Required action:
Output each record exactly, excluding pictures.

━━ Given entries ━━

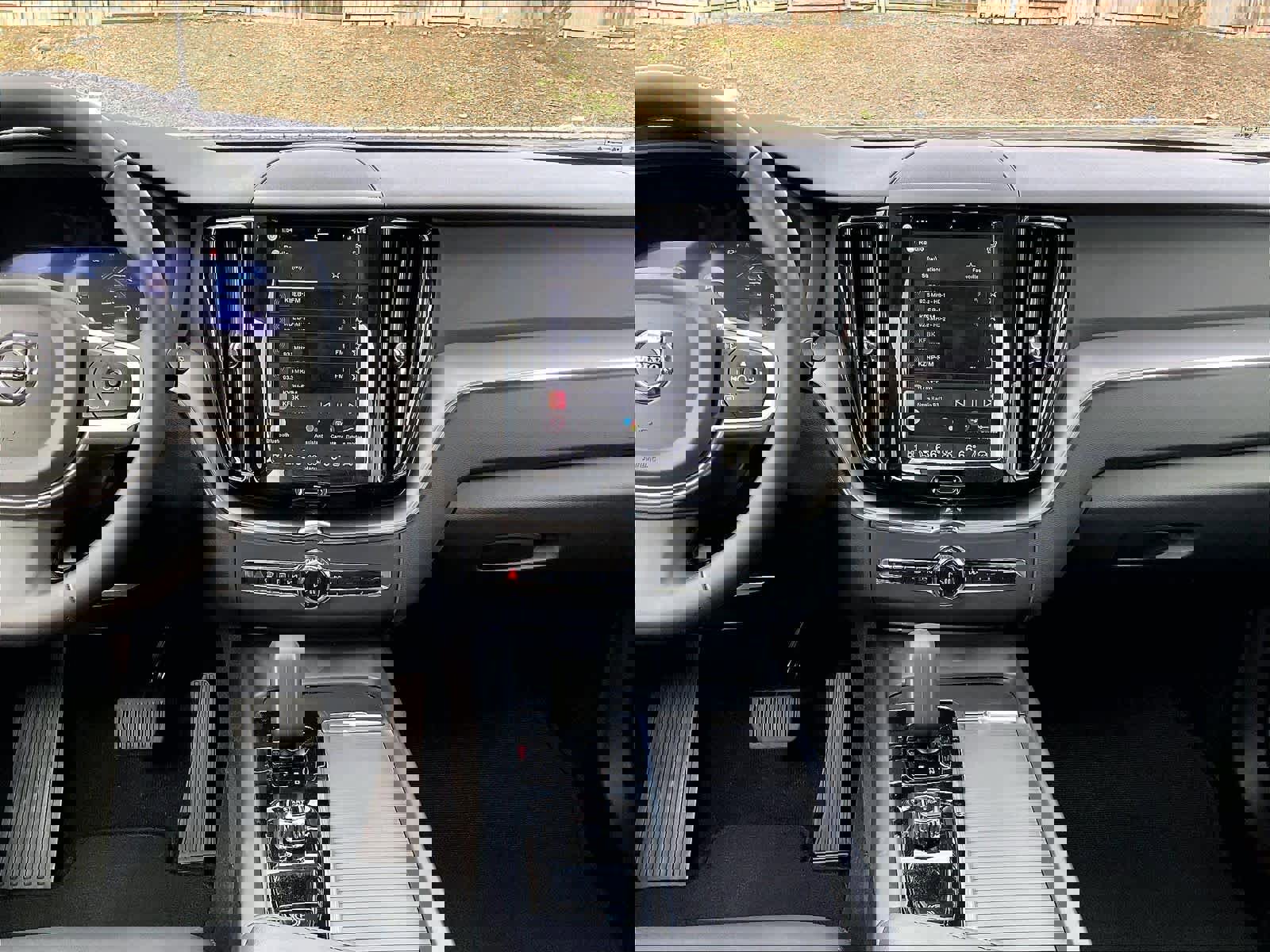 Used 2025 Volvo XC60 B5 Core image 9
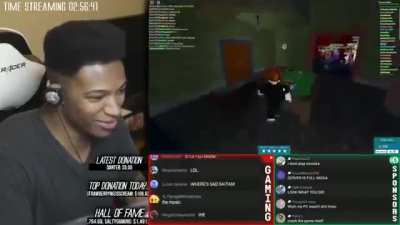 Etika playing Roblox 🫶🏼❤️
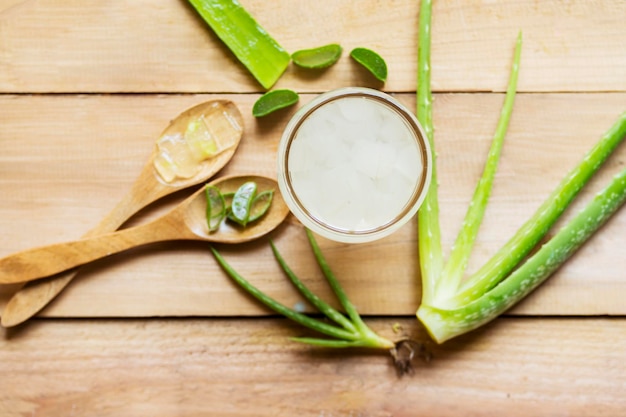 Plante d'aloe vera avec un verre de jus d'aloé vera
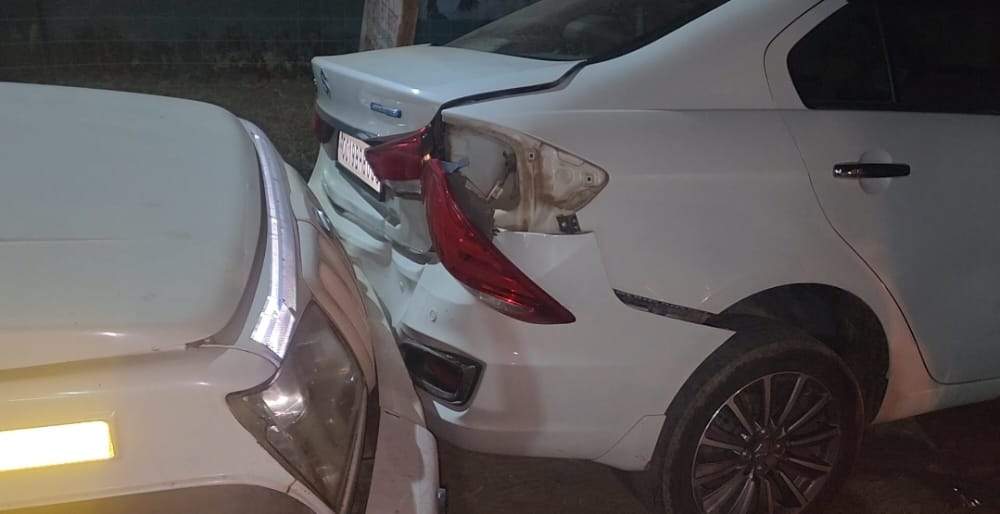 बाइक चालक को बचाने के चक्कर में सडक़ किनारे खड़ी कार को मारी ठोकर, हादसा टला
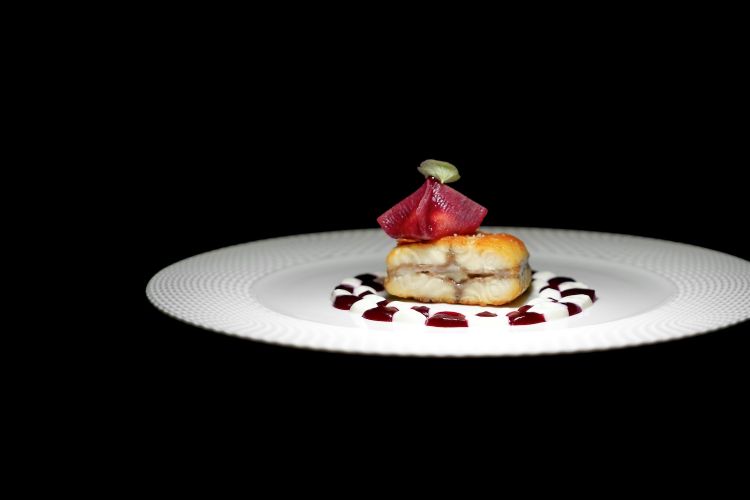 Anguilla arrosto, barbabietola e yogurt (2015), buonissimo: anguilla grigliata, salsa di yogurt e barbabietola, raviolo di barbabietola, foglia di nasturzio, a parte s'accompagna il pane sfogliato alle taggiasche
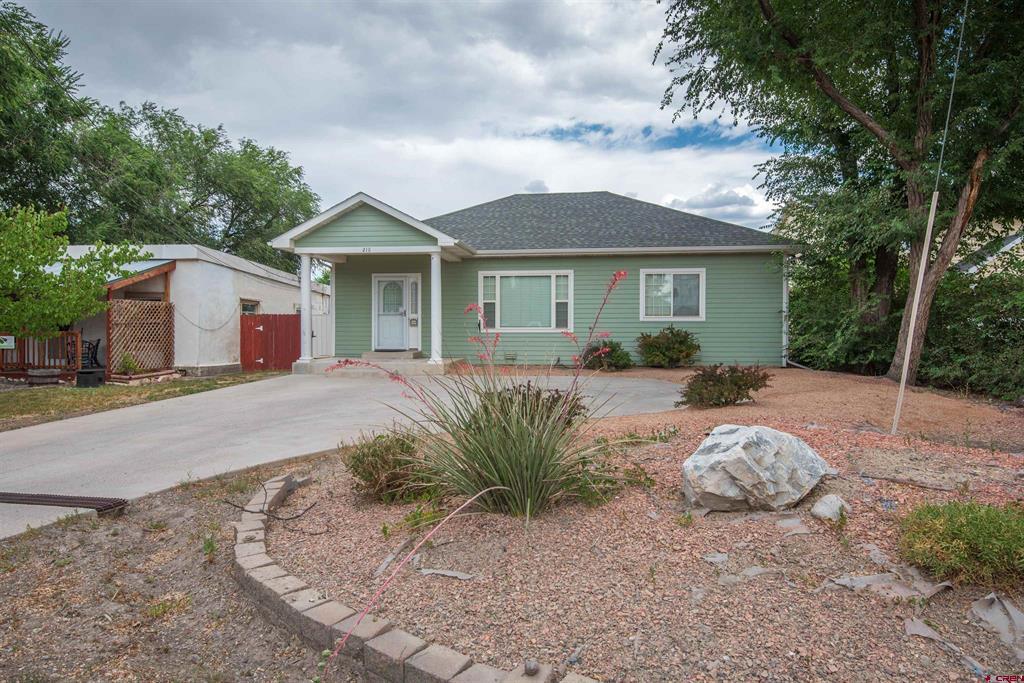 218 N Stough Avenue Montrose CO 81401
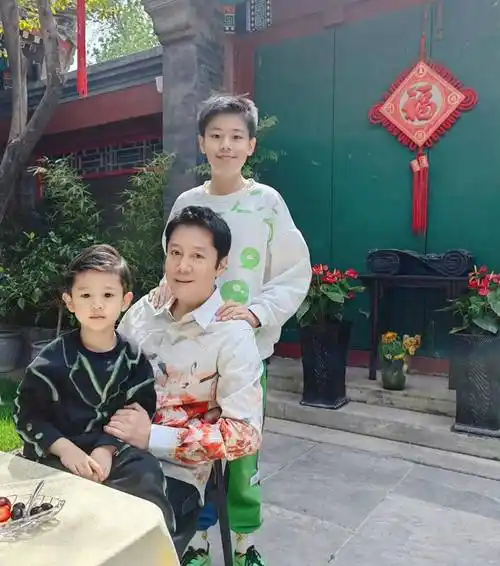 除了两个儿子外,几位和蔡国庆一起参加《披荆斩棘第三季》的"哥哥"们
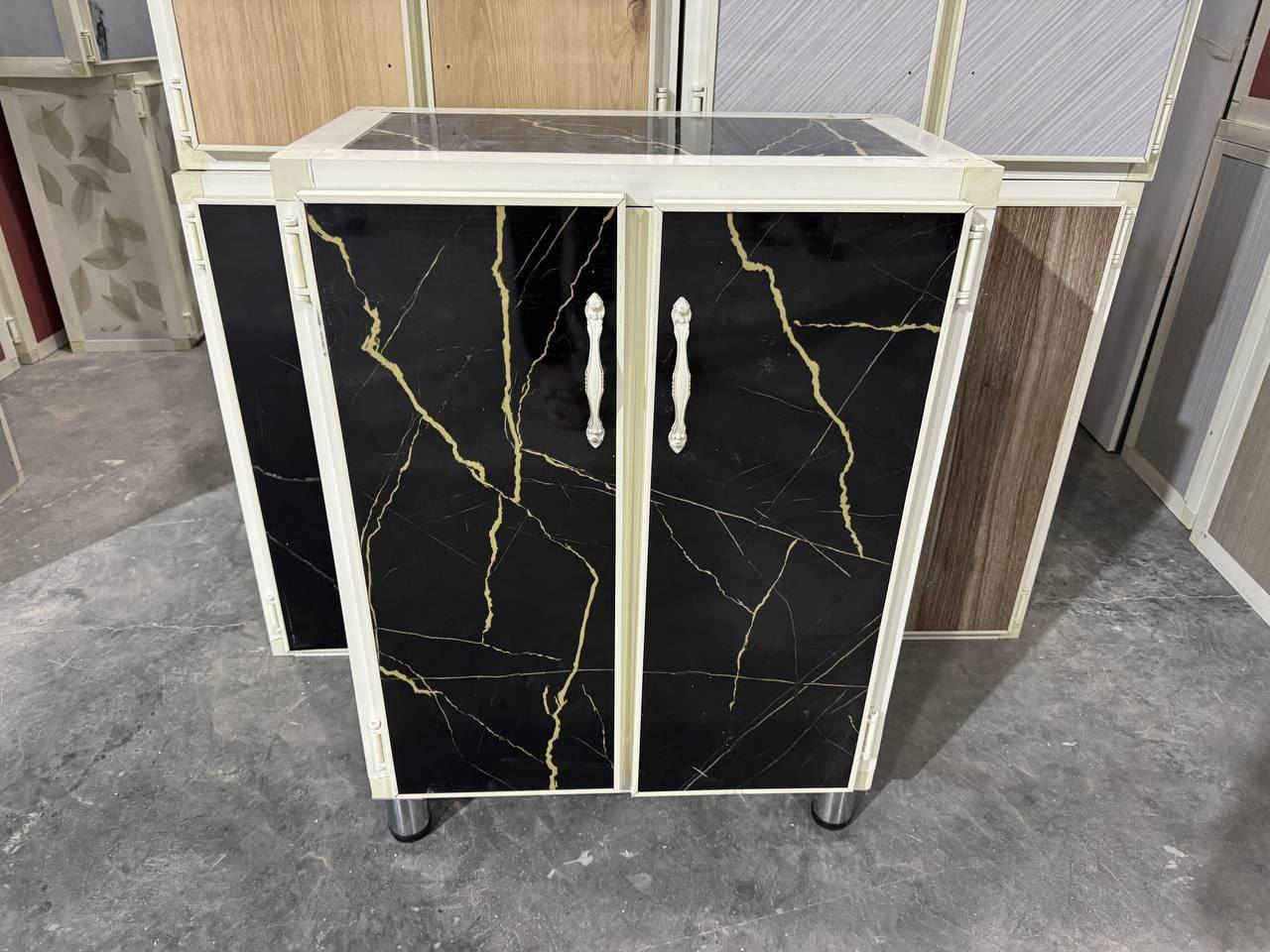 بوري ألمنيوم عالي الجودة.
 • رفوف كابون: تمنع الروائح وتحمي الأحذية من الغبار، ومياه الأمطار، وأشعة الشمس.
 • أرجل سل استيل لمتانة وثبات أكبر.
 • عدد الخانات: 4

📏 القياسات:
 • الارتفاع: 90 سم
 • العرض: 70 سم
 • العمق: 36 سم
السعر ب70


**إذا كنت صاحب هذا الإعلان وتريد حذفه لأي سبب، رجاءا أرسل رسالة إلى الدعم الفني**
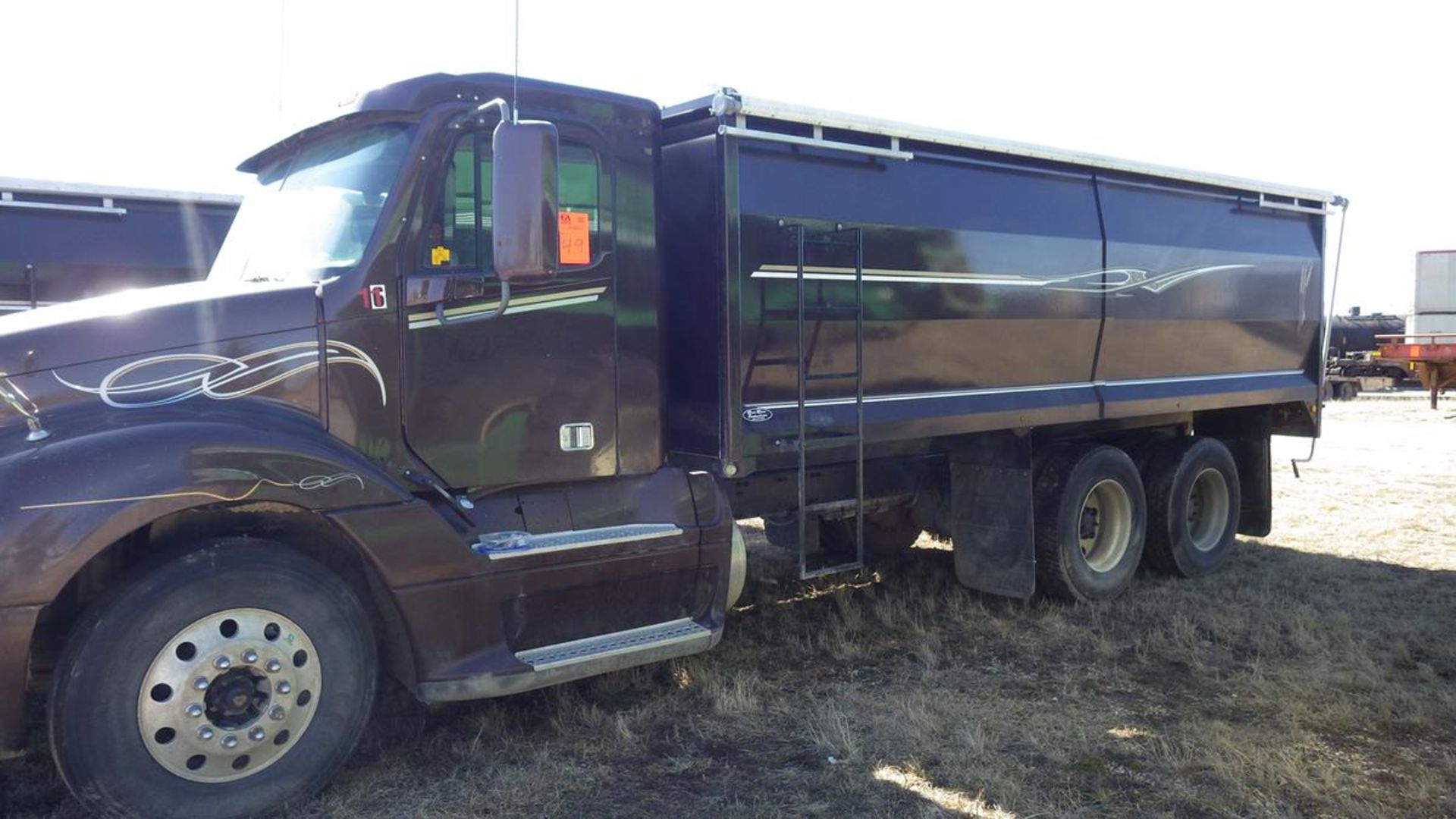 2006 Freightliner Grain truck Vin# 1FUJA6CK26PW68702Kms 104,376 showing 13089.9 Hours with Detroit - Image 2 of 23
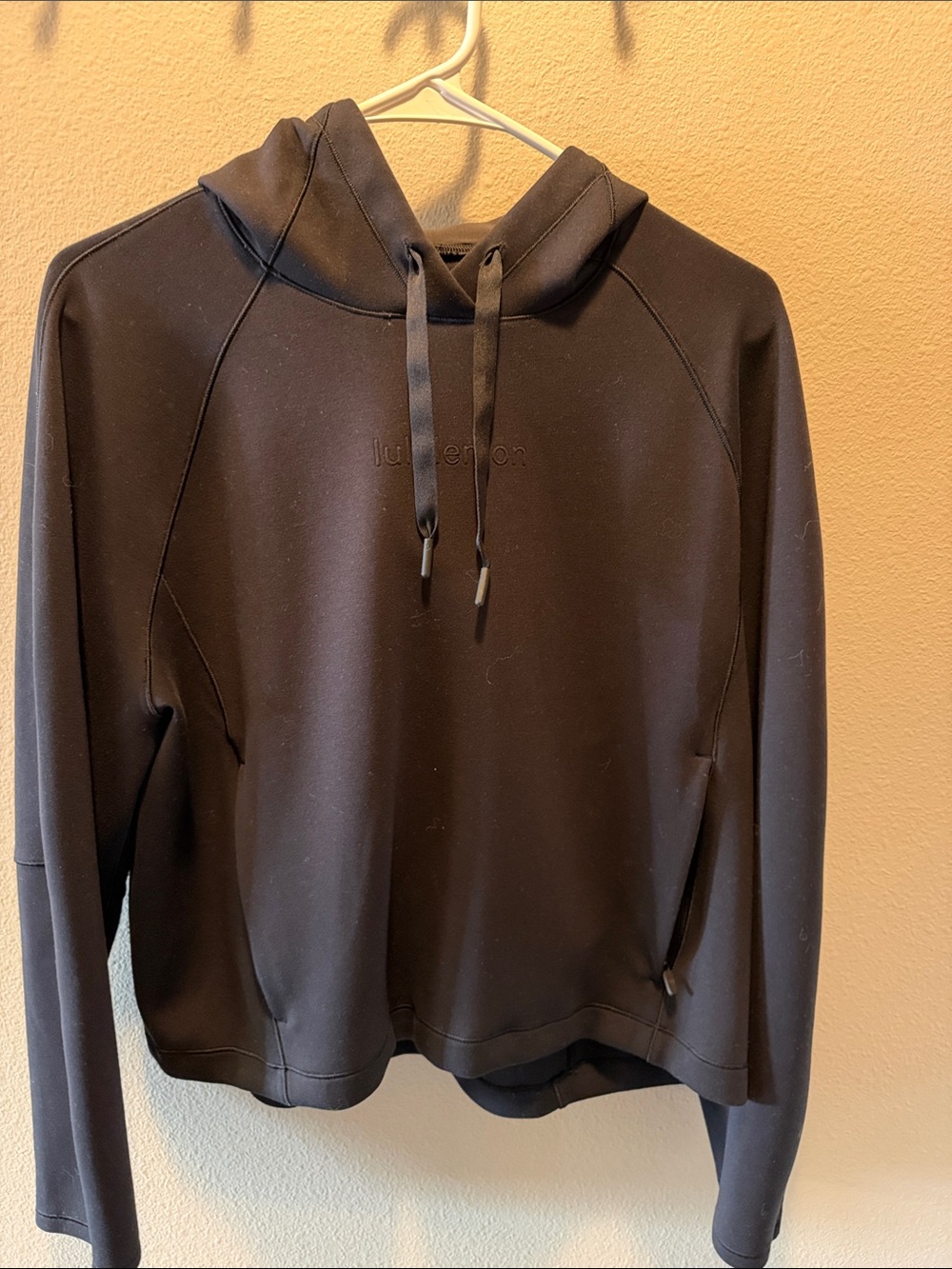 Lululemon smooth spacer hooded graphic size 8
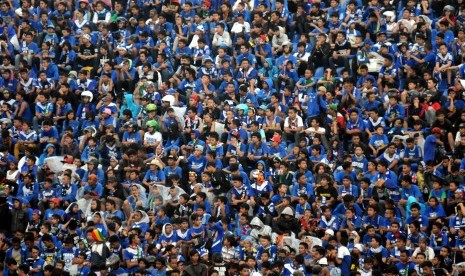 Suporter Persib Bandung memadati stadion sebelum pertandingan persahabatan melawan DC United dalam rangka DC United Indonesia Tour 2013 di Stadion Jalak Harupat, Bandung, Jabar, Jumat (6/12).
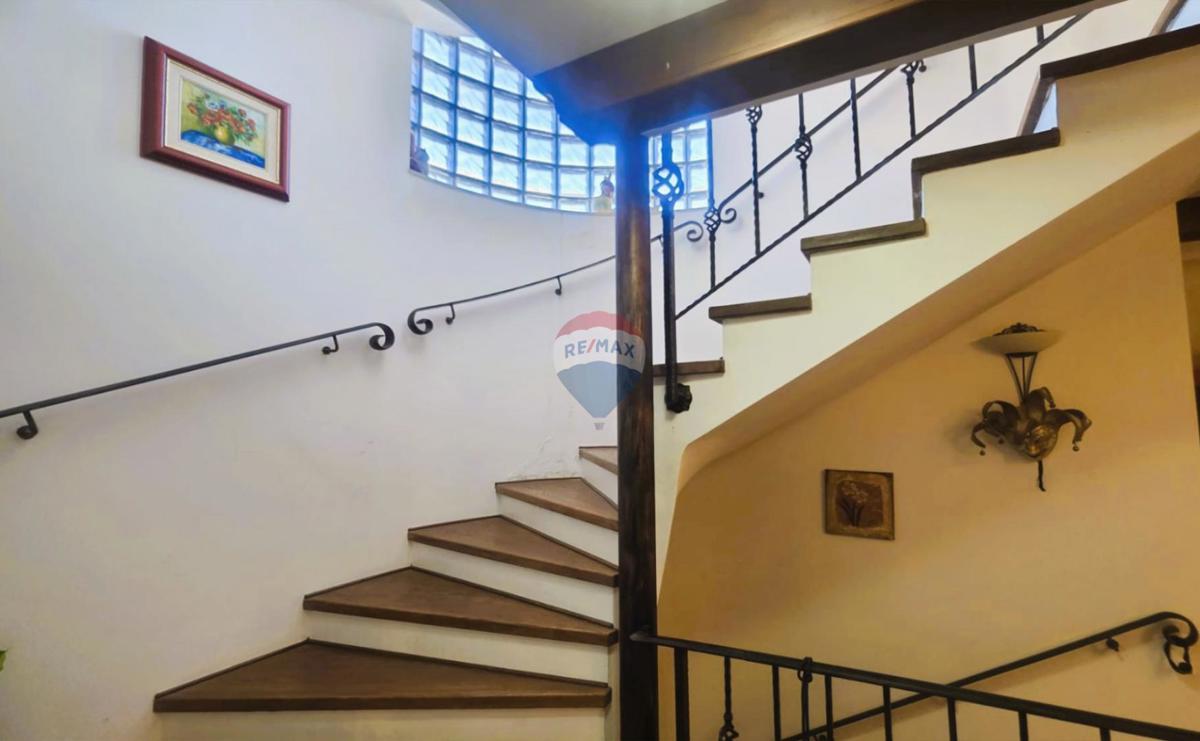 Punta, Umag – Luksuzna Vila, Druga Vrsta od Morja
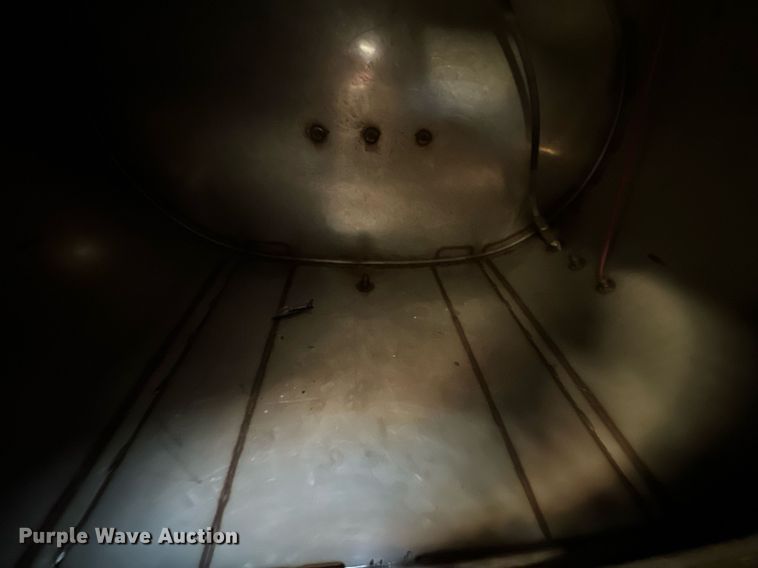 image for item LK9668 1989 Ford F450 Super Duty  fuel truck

━━━

Task solution:
 Used 2025 Volvo XC60 B5 Core image 9
 Etika playing Roblox 🫶🏼❤️
 Plante d'aloe vera avec un verre de jus d'aloé vera
 बाइक चालक को बचाने के चक्कर में सडक़ किनारे खड़ी कार को मारी ठोकर, हादसा टला
 Anguilla arrosto, barbabietola e yogurt (2015), buonissimo: anguilla grigliata, salsa di yogurt e barbabietola, raviolo di barbabietola, foglia di nasturzio, a parte s'accompagna il pane sfogliato alle taggiasche
 218 N Stough Avenue Montrose CO 81401
 除了两个儿子外,几位和蔡国庆一起参加《披荆斩棘第三季》的"哥哥"们
 بوري ألمنيوم عالي الجودة.
 • رفوف كابون: تمنع الروائح وتحمي الأحذية من الغبار، ومياه الأمطار، وأشعة الشمس.
 • أرجل سل استيل لمتانة وثبات أكبر.
 • عدد الخانات: 4

📏 القياسات:
 • الارتفاع: 90 سم
 • العرض: 70 سم
 • العمق: 36 سم
السعر ب70


**إذا كنت صاحب هذا الإعلان وتريد حذفه لأي سبب، رجاءا أرسل رسالة إلى الدعم الفني**
 2006 Freightliner Grain truck Vin# 1FUJA6CK26PW68702Kms 104,376 showing 13089.9 Hours with Detroit - Image 2 of 23
 Lululemon smooth spacer hooded graphic size 8
 Suporter Persib Bandung memadati stadion sebelum pertandingan persahabatan melawan DC United dalam rangka DC United Indonesia Tour 2013 di Stadion Jalak Harupat, Bandung, Jabar, Jumat (6/12).
 Punta, Umag – Luksuzna Vila, Druga Vrsta od Morja
 image for item LK9668 1989 Ford F450 Super Duty  fuel truck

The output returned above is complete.